The Home Office is resuming responsibility for operations to tackle small boats carrying migrants across the Channel after eight months under the leadership of the Royal Navy.
The move follows the creation announced last month of the new small boats operational command (SBOC), bringing together military and civilian staff and the National Crime Agency to co-ordinate the Government’s response.
It comes as the Home Secretary warned failure to stop the boats could cost the Conservatives the next election.
The Home Office said the SBOC – which uses drones, boats and land-based radar and cameras to track and disrupt people traffickers – will be bolstered with the recruitment of 730 additional staff.

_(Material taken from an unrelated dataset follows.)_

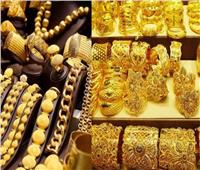 ننشر أسعار الذهب في بداية تعاملات السبت 18 مايو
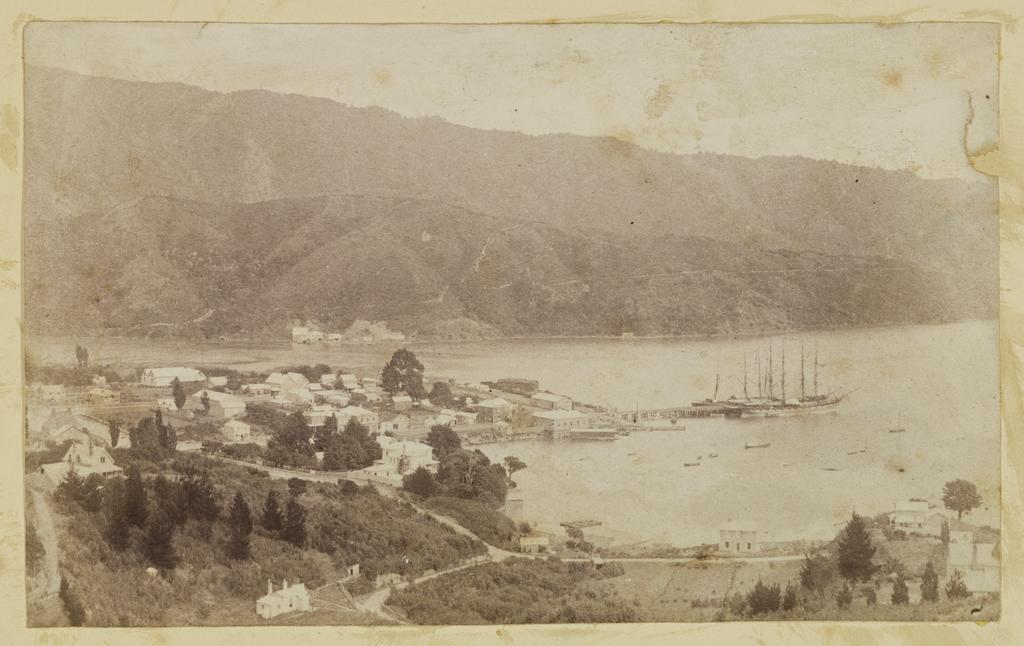 Picton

Then prime minister Boris Johnson originally handed leadership for operations in the Channel to the Navy as a temporary measure last April but migrants continued to arrive in record numbers.
More than 40,000 people have crossed the Channel to the UK since then.
A Government spokesman said the return of responsibility to the Home Office was a “significant landmark” in the long term to ensure the safety and sovereignty of the UK’s borders and communities.
“We are building on the progress already made through the new deal with France, and our determination will not waiver until we stop the abuse of the asylum system and bring the smugglers responsible to justice,” the spokesman said.
So far this year, 1,180 migrants have arrived in the UK after crossing the Channel.
A record 45,755 people succeeded in making the journey last year, according to the latest Government figures.
In November, the Government signed a fresh £63 million pound deal with France to step up patrols and boost surveillance as part of Prime Minister Rishi Sunak’s pledge to “grip illegal migration”.
On Tuesday, Suella Braverman called on Conservative MPs to get behind the Government’s efforts to crack down on crossings, telling the Daily Telegraph the party’s reputation was “on the line”.
Dover MP Natalie Elphicke said the “professionalism and expert skills” of the Royal Navy and other military “have resulted in significant changes in detection and interception, which have resulted in fewer small boats actually reaching our shores, in spite of much larger numbers making the perilous crossing”, adding: “It is vital that this is maintained as the Home Office take back control of the Channel command.”